HSINCHU, Taiwan -- GlobalWafers, the world's No. 3 silicon wafer material maker, on Monday said its plan to spend around $450 million to expand production in South Korea is on track amid high prices and tight supply.
"The [agreement] that we signed previously with our South Korean partner will very likely become a reality ... we are still doing final checks on whether some key equipment for wafer-making could be delivered on time," said Doris Hsu, chair and chief executive of Globalwafers after the company's annual general meeting. "If everything materializes, the groundbreaking event for the new facility will be in September."
Yonhap news agency reported in April that the Taiwanese company has reached an agreement with South Chungcheong Province to invest around 480 billion won ($449 million) in its plant in Cheonan, a city 80km south of Seoul. GlobalWafers, whose bigger rivals are Shin-Etsu Chemical and Sumco, said in April that it was assessing investment plans but nothing had been decided.
Hsu said wafer prices would stay high into 2020, as her company has contracts to fulfil until 2020. "We are starting to negotiate and talk to clients about supplies from 2021 to 2025 and we don't see price correction for our 2021 contract now," she said.

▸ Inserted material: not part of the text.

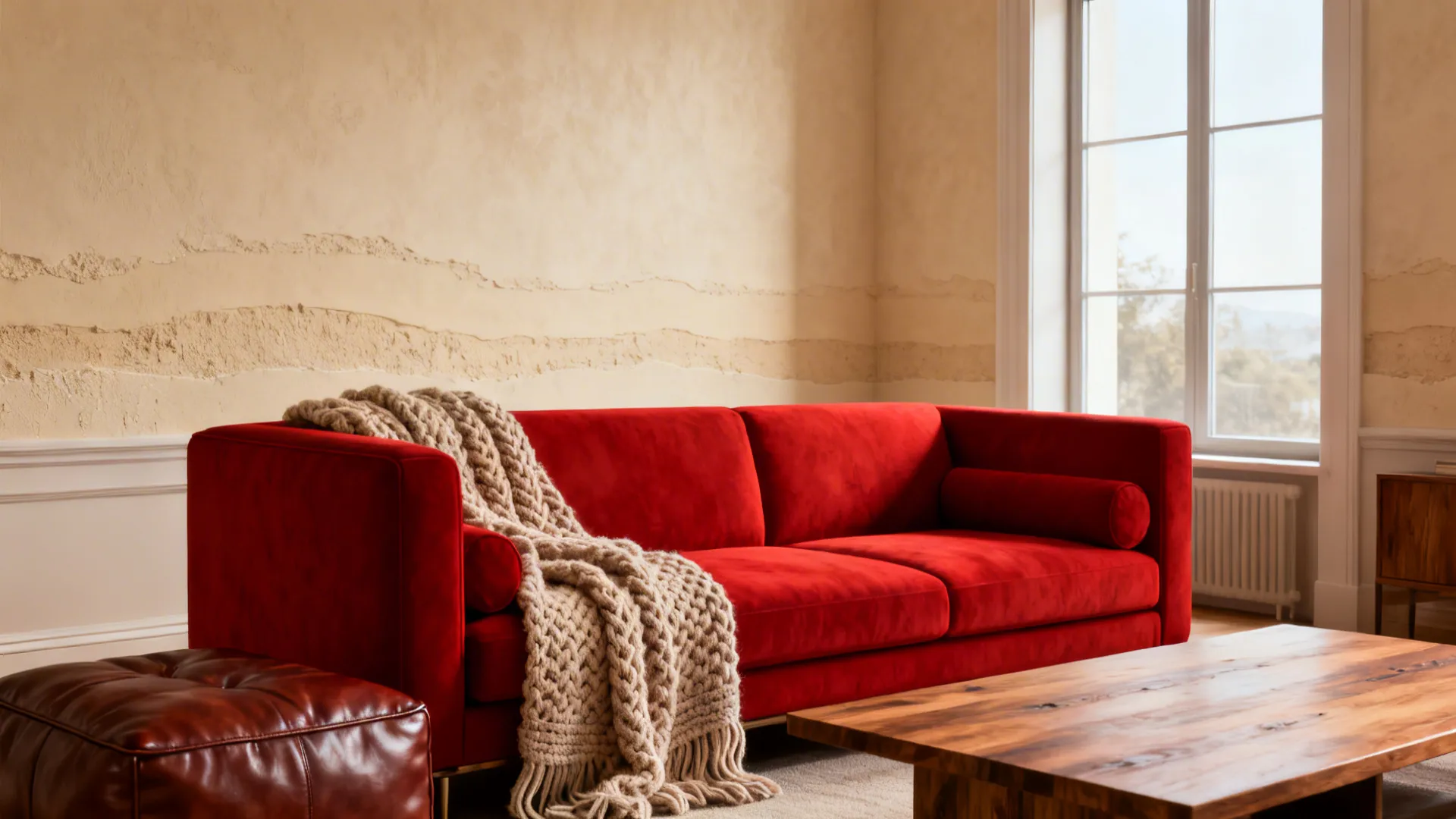 5 Living Room Color Ideas for a Red Sofa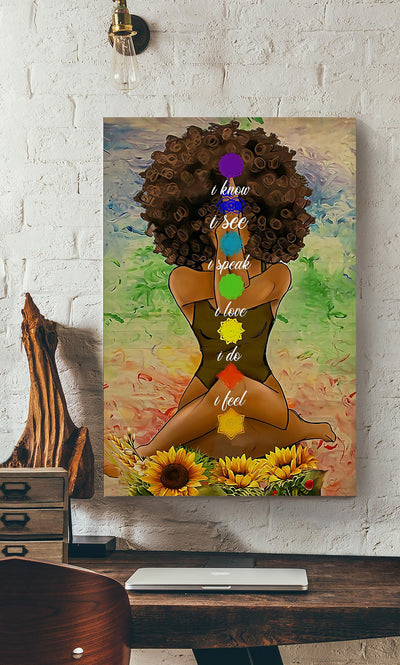 Black Girl Meditation Yoga Afro Woman Mandala Namaste Art For Yoga Lover Canvas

GlobalWafers is a key wafer material supplier to major chip manufacturers such as Taiwan Semiconductor Manufacturing Co. (TSMC), Intel, Samsung Electronics, Infineon, STMicroelectronics, Texas Instruments and others. Wafers are substrate materials that chips are manufactured on.
The world's top three wafer makers and Silitronic and SK Siltron together control more than 90% of supplies in the global market. The wafer material industry was hit by the global financial crisis of 2008 and underwent consolidation, but has enjoyed a rebounding price since 2016. Hsu said her company did not see irrational capacity expansion by key players and that the market would remain healthy for years to come.
Future smart and electric cars, data centers, and new artificial intelligence computing needs are all boosting demand for semiconductors as well as wafer materials, according to Hsu.
However, Hsu said trade dispute between the U.S. and China could be a concern for her company if it continues to escalate and eventually hurt global economic growth.
"We are monitoring closely whether the U.S.-China trade spat could later damage the world's economic condition and demand," said Hsu. "If the trade war is only limited between some countries, it won't have any impact on our business as we sell to customers globally"
GlobalWafers' revenue surged 151% to 46.21 billion New Taiwan dollars ($1.52 billion) in 2017, thanks to its acquisitions of SunEdison of the U.S. and Topsil Semiconductor Materials of Denmark in 2016. The company's net profit jumped 462% to NT$5.27 billion. For the January to March period, Globalwafers' sales advanced more than 31% to NT$13.9 billion while net income surged to NT$2.7 billion, from NT$348 million a year ago.
Shares of GlobalWafers close 0.3% lower at NT$490.5 on the Taipei Exchange. They have risen more than 20% so far this year.